D. – La Chiesa come vive questo momento?
R. – E’ un tempo di sofferenza e di paura. Con molta rassegnazione siamo costretti a rinchiuderci sempre di più nelle nostre abitazioni. Pregando e sperando aspettiamo tempi migliori, se Dio vuole. Quello che possiamo fare è pregare, perché si giunga a un’intesa attraverso il dialogo mediato dalle Nazioni Unite. Che cosa possiamo fare noi? Siamo rimasti con questa speranza di una intesa finale che restituisca la pace a questo popolo tanto provato e a noi come loro. Noi soffriamo perché il popolo desidera la pace, il popolo vuole ritornare a una vita normale. Questo è un grido fortissimo, perché non piace a nessuno stare in uno stato di guerra.
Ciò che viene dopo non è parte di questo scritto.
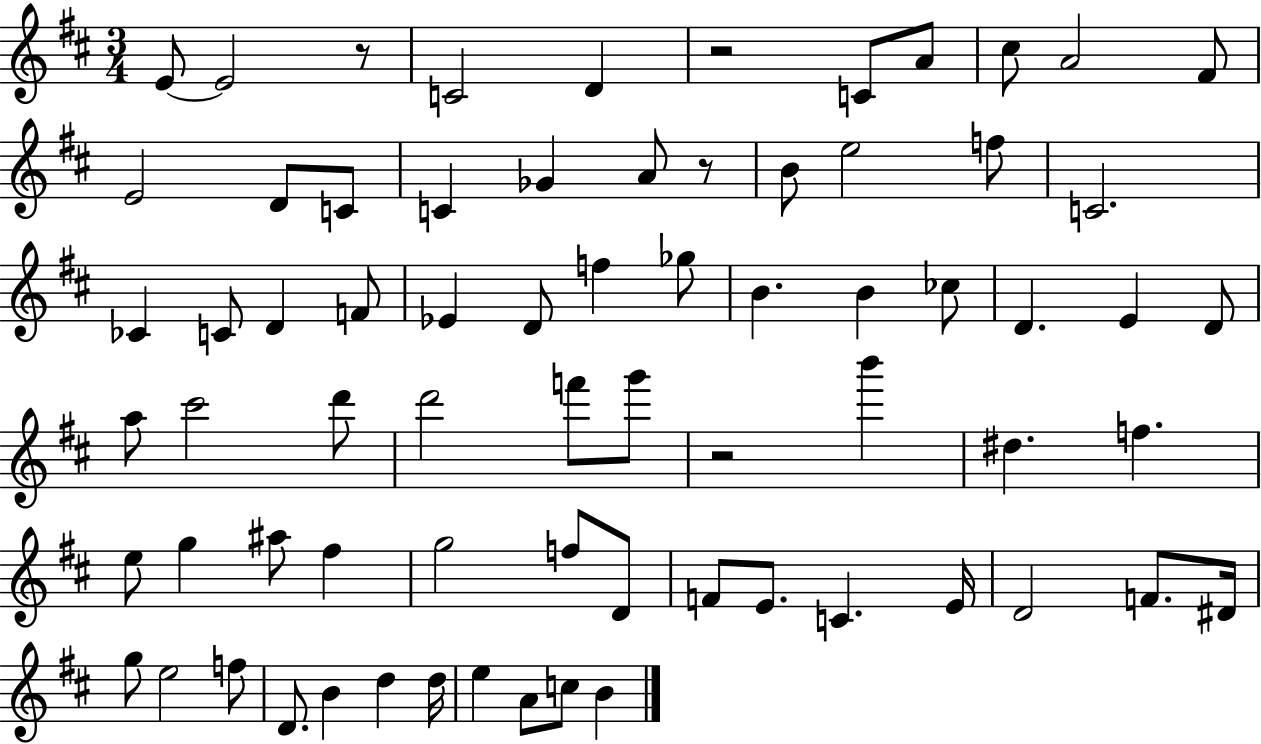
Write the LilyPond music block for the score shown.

{
  \clef treble
  \numericTimeSignature
  \time 3/4
  \key d \major
  e'8~~ e'2 r8 | c'2 d'4 | r2 c'8 a'8 | cis''8 a'2 fis'8 | \break e'2 d'8 c'8 | c'4 ges'4 a'8 r8 | b'8 e''2 f''8 | c'2. | \break ces'4 c'8 d'4 f'8 | ees'4 d'8 f''4 ges''8 | b'4. b'4 ces''8 | d'4. e'4 d'8 | \break a''8 cis'''2 d'''8 | d'''2 f'''8 g'''8 | r2 b'''4 | dis''4. f''4. | \break e''8 g''4 ais''8 fis''4 | g''2 f''8 d'8 | f'8 e'8. c'4. e'16 | d'2 f'8. dis'16 | \break g''8 e''2 f''8 | d'8. b'4 d''4 d''16 | e''4 a'8 c''8 b'4 | \bar "|."
}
D. – Lei adesso verrà a Roma?
R. – Si devo venire per la visita “ad Limina”.
D. – E questo grido lei lo porterà al Papa?
R. – Senz’altro, senz’altro, sì. Basta con lo spargimento di sangue e che ognuno cerchi di fare il proprio sforzo per far regnare la pace tanto desiderata e sospirata nei cuori di tutti gli uomini.